Fred Smith, chairman and chief executive officer of FedEx, told members of the Senate Governmental Affairs Committee to shut down the Postal Service or make changes that allow it to compete.
"The Postal Service must be transformed into a fundamentally more flexible and responsive organization if it is to survive and prosper in the shifting social, commercial and technological conditions presented at the start of the 21st century," Smith said.
The hearing was the sixth held by the committee, which is reviewing recommendations for overhauling the Postal Service. A final hearing is scheduled in conjunction with the House Government Reform Committee, after which Sens. Susan Collins, R-Maine, and Tom Carper, D-Del., plan to introduce reform legislation.
Among the problems facing the Postal Service are the growing reliance on electronic communications, tough competition in parcel delivery, insufficient funding for emergency management and substantial pension obligations.

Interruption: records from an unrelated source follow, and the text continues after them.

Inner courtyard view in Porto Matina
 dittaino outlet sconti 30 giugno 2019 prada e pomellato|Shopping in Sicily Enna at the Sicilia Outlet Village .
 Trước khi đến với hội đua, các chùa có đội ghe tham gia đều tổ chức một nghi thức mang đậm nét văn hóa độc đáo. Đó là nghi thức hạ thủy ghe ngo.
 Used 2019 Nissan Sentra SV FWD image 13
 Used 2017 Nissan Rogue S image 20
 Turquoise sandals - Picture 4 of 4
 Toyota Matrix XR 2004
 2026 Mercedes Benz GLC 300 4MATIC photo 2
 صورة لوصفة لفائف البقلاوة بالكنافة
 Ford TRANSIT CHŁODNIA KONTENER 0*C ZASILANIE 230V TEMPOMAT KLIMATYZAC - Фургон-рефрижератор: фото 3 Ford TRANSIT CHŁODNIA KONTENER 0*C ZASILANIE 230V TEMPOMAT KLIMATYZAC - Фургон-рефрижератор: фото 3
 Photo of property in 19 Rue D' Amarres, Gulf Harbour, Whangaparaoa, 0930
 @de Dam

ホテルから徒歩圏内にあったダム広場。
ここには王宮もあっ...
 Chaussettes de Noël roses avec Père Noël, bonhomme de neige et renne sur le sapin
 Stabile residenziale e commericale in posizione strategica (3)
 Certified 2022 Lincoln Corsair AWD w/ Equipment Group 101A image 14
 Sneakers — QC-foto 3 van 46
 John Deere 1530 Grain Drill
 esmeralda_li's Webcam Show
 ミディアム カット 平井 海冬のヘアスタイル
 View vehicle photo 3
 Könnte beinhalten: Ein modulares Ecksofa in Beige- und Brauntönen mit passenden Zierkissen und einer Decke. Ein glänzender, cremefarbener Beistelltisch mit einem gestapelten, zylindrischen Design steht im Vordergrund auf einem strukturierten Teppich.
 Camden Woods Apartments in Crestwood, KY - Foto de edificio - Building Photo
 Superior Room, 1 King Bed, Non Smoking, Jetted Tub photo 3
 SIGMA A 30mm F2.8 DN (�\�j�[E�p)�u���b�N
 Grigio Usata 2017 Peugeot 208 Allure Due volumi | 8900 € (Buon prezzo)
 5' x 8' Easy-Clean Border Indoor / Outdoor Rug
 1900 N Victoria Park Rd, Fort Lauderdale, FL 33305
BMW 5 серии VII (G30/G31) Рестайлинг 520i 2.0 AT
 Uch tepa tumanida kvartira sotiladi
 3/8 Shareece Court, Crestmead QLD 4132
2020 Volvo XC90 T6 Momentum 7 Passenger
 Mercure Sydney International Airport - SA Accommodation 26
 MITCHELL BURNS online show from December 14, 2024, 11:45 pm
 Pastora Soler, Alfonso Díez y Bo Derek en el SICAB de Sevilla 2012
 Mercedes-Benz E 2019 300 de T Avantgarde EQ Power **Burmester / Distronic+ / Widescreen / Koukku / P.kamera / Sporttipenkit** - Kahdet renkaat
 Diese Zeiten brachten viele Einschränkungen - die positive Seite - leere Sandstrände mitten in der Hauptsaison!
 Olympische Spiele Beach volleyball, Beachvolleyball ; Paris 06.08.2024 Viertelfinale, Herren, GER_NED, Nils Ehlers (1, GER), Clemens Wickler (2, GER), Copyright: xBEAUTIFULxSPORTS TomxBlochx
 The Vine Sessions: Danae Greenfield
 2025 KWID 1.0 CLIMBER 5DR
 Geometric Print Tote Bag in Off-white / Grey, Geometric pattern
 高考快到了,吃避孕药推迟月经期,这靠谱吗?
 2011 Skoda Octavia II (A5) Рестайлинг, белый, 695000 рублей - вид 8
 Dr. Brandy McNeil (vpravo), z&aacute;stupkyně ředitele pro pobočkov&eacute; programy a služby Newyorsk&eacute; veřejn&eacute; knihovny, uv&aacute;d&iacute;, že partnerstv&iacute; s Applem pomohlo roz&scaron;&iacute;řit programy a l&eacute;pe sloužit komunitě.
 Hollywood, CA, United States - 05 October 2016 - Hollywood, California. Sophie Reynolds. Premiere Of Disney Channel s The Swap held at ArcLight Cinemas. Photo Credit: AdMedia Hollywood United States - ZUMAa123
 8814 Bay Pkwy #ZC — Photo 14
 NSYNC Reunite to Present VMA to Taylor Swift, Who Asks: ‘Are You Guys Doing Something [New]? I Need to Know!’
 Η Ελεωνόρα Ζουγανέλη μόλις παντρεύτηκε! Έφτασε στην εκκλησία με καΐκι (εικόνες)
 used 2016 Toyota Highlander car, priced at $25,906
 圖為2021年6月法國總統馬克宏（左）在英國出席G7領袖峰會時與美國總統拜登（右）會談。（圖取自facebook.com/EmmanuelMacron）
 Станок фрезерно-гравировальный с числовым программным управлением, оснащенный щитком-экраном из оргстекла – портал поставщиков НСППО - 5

While the executives who testified generally agreed the Postal Service needs greater flexibility and control over its operations, there were disagreements over what shape the reform should take-especially in terms of when and how it should be allowed to compete with the private sector.
Michael Eskew, chairman and chief executive officer of UPS, recommended the Postal Service focus on its essential services rather than competing in parcel delivery. "We believe the package business is well served by the private sector," he said.
Robert Wientzen, president and chief executive officer of the Direct Marketing Association, disagreed. "A large number of our members really do depend on the parcel delivery of the Postal Service," he said. "They find that their services are adequate and cost competitive."
Smith and Eskew both objected to the Postal Service's competitive products benefiting from the postal monopoly on first-class and standard mail. "Steps should be taken to ensure that the Postal Service does not leverage its monopoly network to compete inappropriately with private sector companies," Eskew said.
Following that point, Gary Pruitt, speaking on behalf of the Newspaper Association of America, objected to negotiated service agreements, under which the Postal Service competes with newspapers for advertising dollars. By offering low rates, the Postal Service gives clients the opportunity to send their ads directly to consumers, rather than inserting them in newspapers.
"Newspapers do not believe that the Postal Service-an agency of the federal government-should take sides in the marketplace competition between one mail customer and another," Pruitt said. The Postal Service should not use revenues from its monopoly services to subsidize direct mail, he said.